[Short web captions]
--
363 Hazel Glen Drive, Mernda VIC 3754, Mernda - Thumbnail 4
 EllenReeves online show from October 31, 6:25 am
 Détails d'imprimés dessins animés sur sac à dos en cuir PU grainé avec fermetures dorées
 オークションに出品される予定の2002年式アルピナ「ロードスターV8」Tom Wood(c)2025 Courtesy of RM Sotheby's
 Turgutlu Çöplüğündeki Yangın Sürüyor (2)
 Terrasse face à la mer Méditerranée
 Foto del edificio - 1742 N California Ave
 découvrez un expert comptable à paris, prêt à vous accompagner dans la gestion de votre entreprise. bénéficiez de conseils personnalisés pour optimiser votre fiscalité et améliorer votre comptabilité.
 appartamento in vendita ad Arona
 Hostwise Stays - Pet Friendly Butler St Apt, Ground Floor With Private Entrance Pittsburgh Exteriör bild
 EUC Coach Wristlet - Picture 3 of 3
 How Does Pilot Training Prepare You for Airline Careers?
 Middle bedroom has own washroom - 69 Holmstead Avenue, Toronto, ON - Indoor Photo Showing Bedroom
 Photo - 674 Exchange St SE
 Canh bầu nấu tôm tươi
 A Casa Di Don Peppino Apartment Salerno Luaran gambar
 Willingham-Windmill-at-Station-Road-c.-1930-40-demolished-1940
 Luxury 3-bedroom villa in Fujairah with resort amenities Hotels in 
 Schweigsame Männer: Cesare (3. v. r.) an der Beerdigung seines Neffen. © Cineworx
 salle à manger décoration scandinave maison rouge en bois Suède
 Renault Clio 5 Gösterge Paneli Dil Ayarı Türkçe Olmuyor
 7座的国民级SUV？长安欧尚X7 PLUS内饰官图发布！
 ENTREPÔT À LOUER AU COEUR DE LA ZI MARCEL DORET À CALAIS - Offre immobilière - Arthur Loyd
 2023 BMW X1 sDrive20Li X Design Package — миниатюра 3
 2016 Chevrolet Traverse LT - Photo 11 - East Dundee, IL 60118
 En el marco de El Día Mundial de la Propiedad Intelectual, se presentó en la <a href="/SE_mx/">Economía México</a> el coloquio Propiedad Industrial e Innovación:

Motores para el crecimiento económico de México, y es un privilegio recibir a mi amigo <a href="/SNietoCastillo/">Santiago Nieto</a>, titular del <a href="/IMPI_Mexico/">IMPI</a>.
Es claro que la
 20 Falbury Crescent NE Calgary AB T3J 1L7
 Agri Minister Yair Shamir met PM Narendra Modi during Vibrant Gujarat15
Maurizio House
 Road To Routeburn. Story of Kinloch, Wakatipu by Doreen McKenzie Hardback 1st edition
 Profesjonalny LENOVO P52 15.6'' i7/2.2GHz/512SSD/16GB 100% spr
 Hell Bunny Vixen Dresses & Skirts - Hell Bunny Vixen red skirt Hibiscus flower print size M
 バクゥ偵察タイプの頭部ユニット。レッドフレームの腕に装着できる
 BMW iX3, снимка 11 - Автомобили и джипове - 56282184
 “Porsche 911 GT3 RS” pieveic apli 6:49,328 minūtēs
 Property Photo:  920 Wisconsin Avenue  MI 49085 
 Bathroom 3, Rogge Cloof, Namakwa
--
§ PROBLEM DESCRIPTION
Your answer should be the lines above, from the line containing "A Casa Di Don" up to and including the line containing "Road To Routeburn.", reproduced exactly and with nothing else.

§ OUTPUT BELOW
 A Casa Di Don Peppino Apartment Salerno Luaran gambar
 Willingham-Windmill-at-Station-Road-c.-1930-40-demolished-1940
 Luxury 3-bedroom villa in Fujairah with resort amenities Hotels in 
 Schweigsame Männer: Cesare (3. v. r.) an der Beerdigung seines Neffen. © Cineworx
 salle à manger décoration scandinave maison rouge en bois Suède
 Renault Clio 5 Gösterge Paneli Dil Ayarı Türkçe Olmuyor
 7座的国民级SUV？长安欧尚X7 PLUS内饰官图发布！
 ENTREPÔT À LOUER AU COEUR DE LA ZI MARCEL DORET À CALAIS - Offre immobilière - Arthur Loyd
 2023 BMW X1 sDrive20Li X Design Package — миниатюра 3
 2016 Chevrolet Traverse LT - Photo 11 - East Dundee, IL 60118
 En el marco de El Día Mundial de la Propiedad Intelectual, se presentó en la <a href="/SE_mx/">Economía México</a> el coloquio Propiedad Industrial e Innovación:

Motores para el crecimiento económico de México, y es un privilegio recibir a mi amigo <a href="/SNietoCastillo/">Santiago Nieto</a>, titular del <a href="/IMPI_Mexico/">IMPI</a>.
Es claro que la
 20 Falbury Crescent NE Calgary AB T3J 1L7
 Agri Minister Yair Shamir met PM Narendra Modi during Vibrant Gujarat15
Maurizio House
 Road To Routeburn. Story of Kinloch, Wakatipu by Doreen McKenzie Hardback 1st edition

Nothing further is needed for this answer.